***** EXERCISE DATA

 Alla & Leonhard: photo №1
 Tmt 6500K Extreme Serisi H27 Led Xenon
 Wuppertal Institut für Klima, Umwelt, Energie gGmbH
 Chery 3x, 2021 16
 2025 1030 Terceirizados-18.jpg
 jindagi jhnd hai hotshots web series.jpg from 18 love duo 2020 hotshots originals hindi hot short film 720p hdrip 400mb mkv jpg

**********
***** EXERCISE DATA

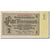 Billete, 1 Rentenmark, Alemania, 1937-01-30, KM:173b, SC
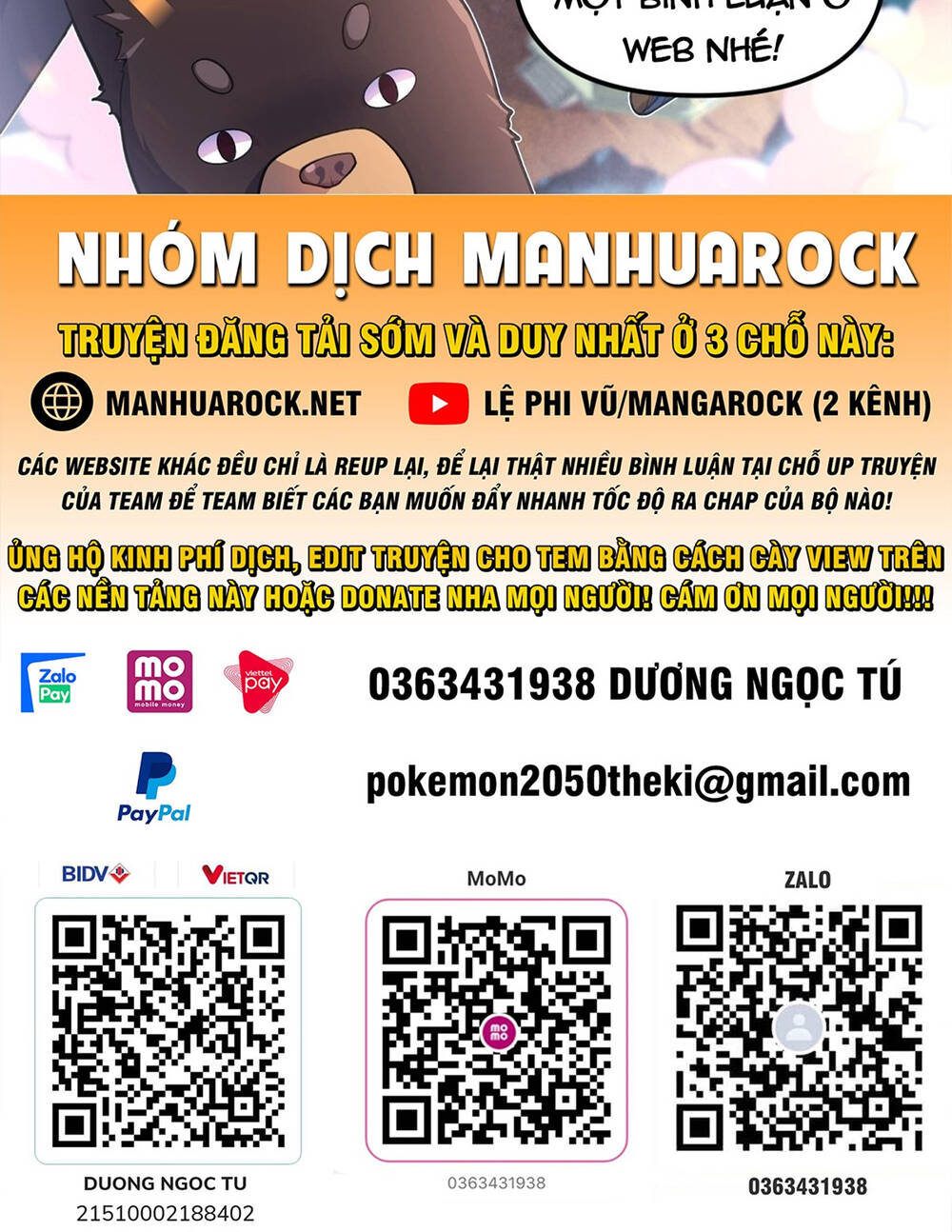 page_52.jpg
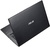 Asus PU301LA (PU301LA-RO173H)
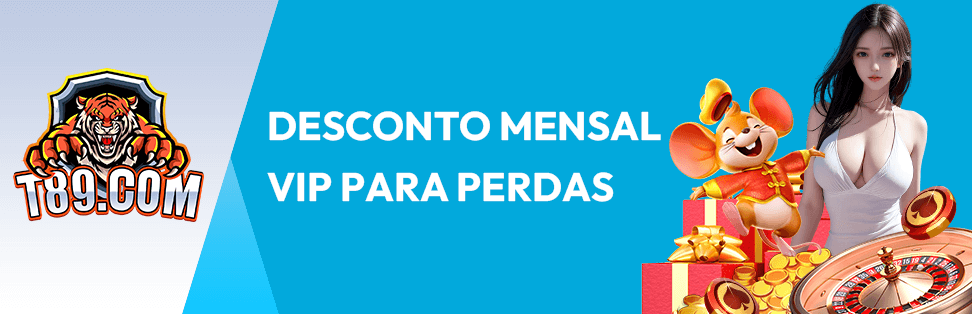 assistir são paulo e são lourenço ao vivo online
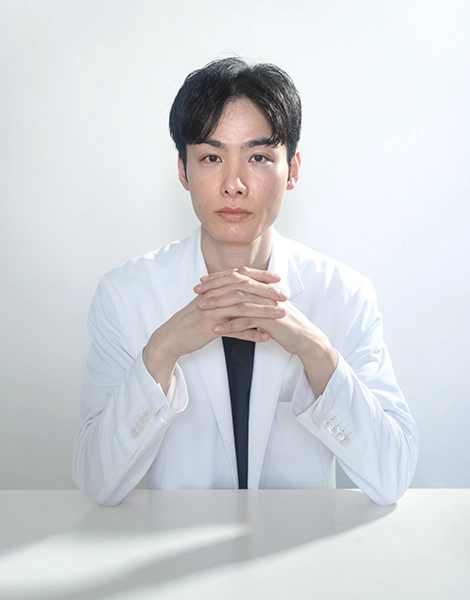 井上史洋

**********
***** EXERCISE DATA

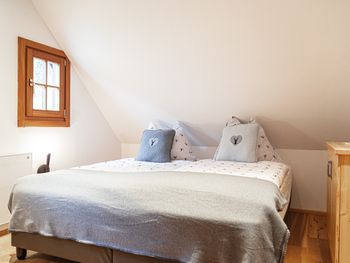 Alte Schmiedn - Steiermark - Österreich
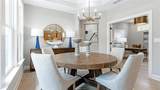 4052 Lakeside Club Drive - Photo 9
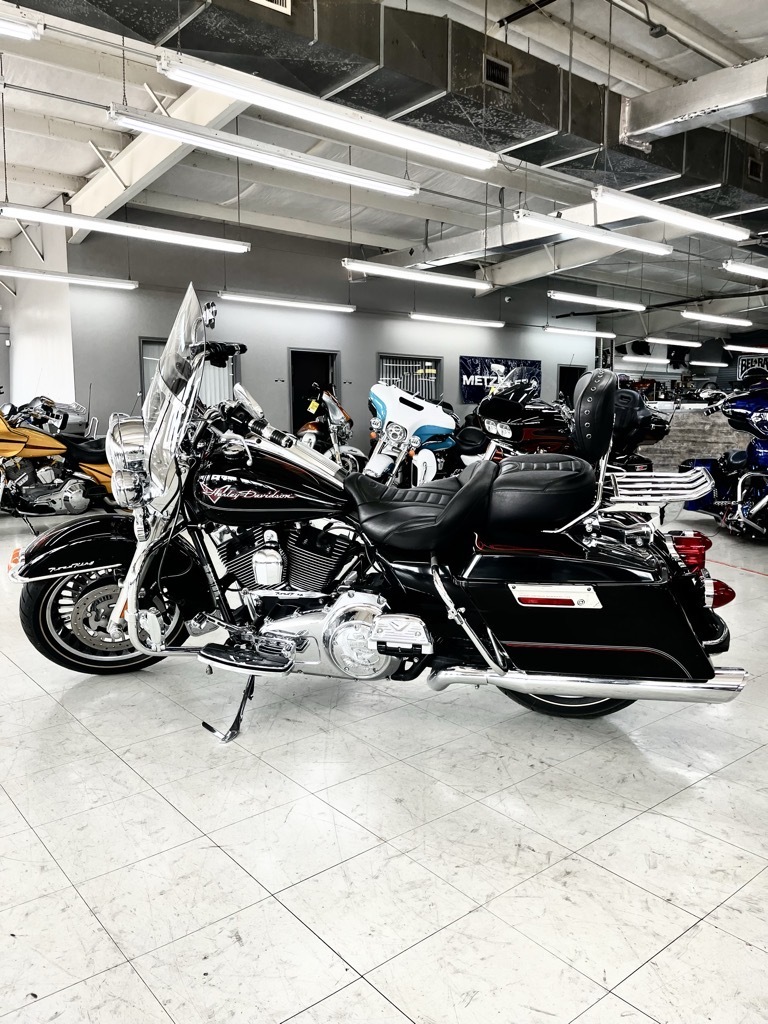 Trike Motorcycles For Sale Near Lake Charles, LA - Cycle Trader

**********

### WHAT TO WORK ON
All that should be written out is the stretch of lines above between the one holding "Alla & Leonhard: photo №1" and the one holding "jindagi jhnd hai", inclusive, exactly as given.

### EXERCISE ANSWER
 Alla & Leonhard: photo №1
 Tmt 6500K Extreme Serisi H27 Led Xenon
 Wuppertal Institut für Klima, Umwelt, Energie gGmbH
 Chery 3x, 2021 16
 2025 1030 Terceirizados-18.jpg
 jindagi jhnd hai hotshots web series.jpg from 18 love duo 2020 hotshots originals hindi hot short film 720p hdrip 400mb mkv jpg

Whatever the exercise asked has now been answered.